→ Given data
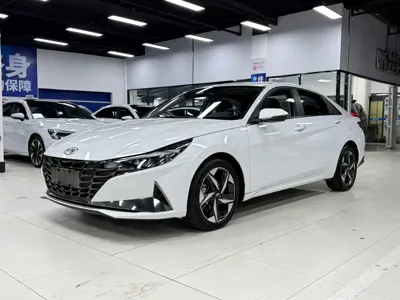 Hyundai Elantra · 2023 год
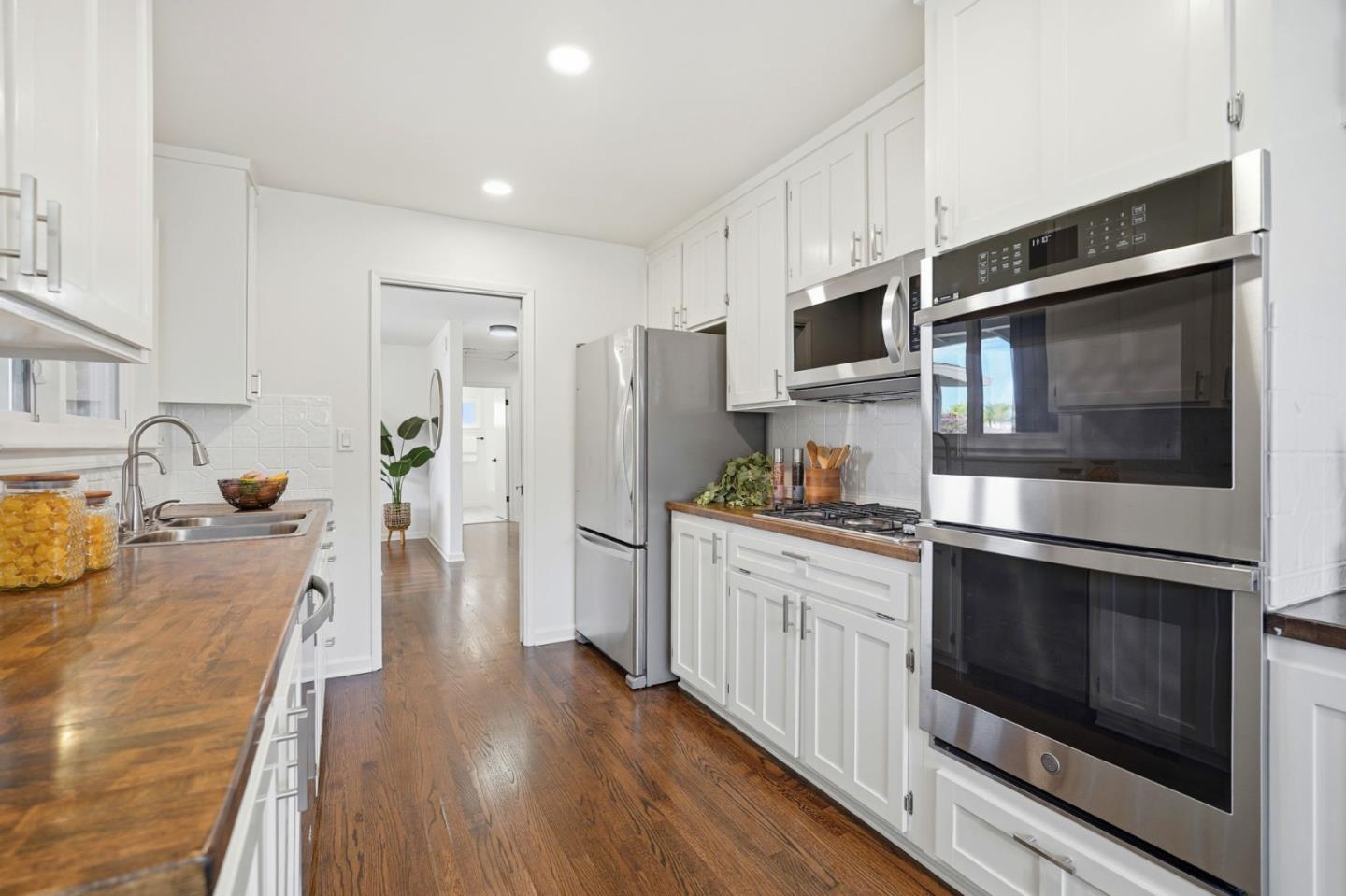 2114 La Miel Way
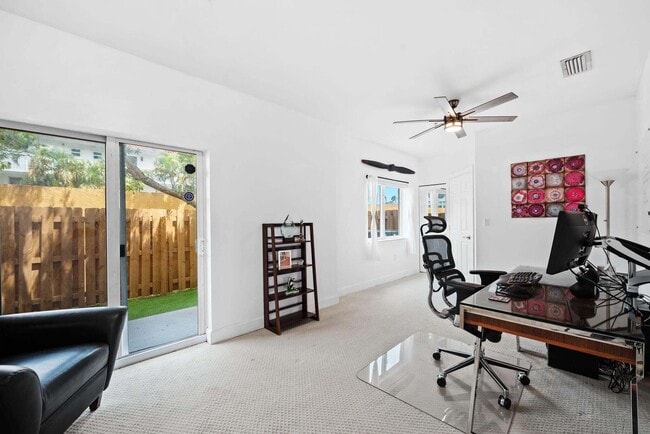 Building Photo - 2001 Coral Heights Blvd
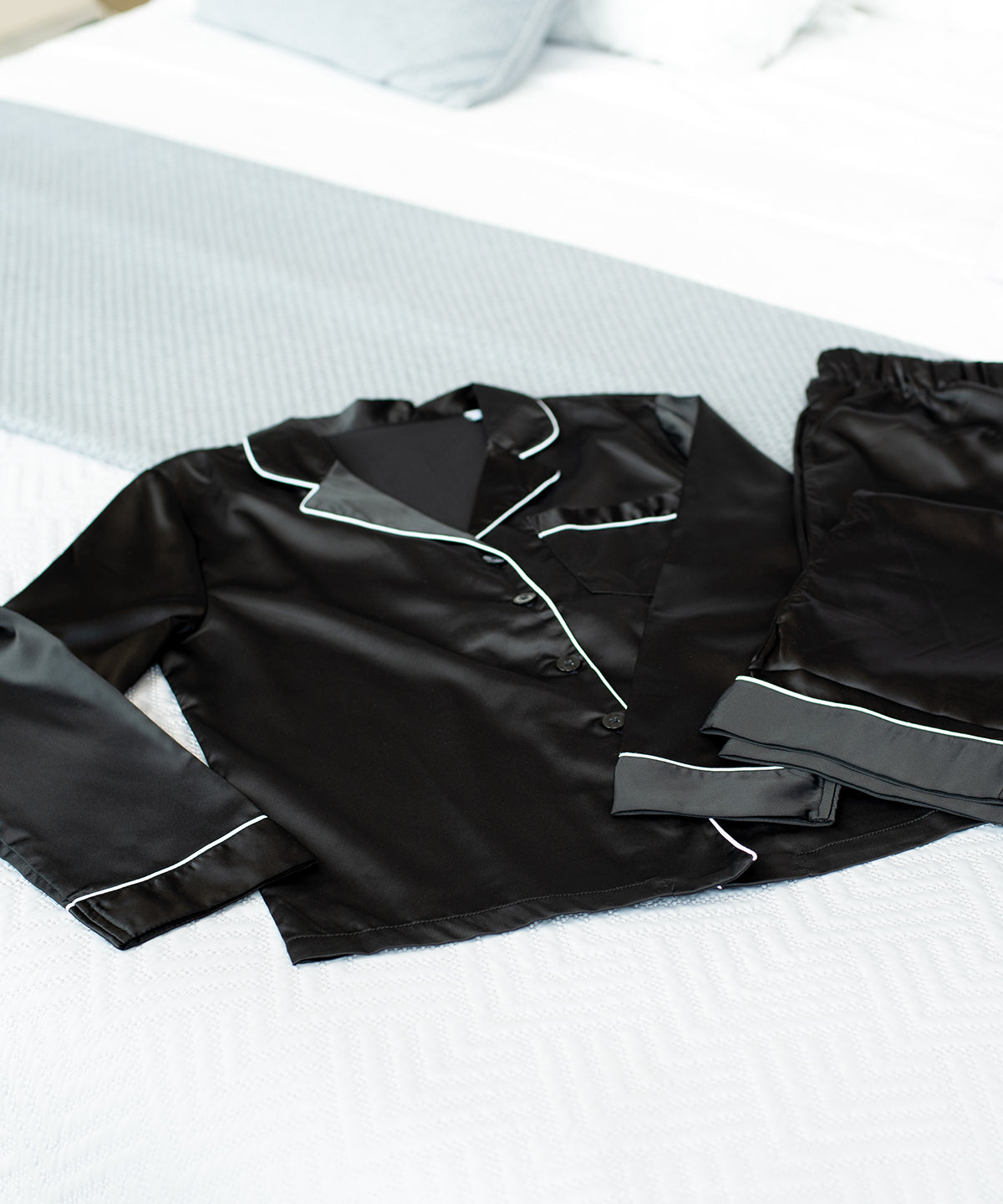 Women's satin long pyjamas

→ Assigned task
Output the data exactly. Pictures don't belong in the result.

→ Solution for this exercise
 Hyundai Elantra · 2023 год
 2114 La Miel Way
 Building Photo - 2001 Coral Heights Blvd
 Women's satin long pyjamas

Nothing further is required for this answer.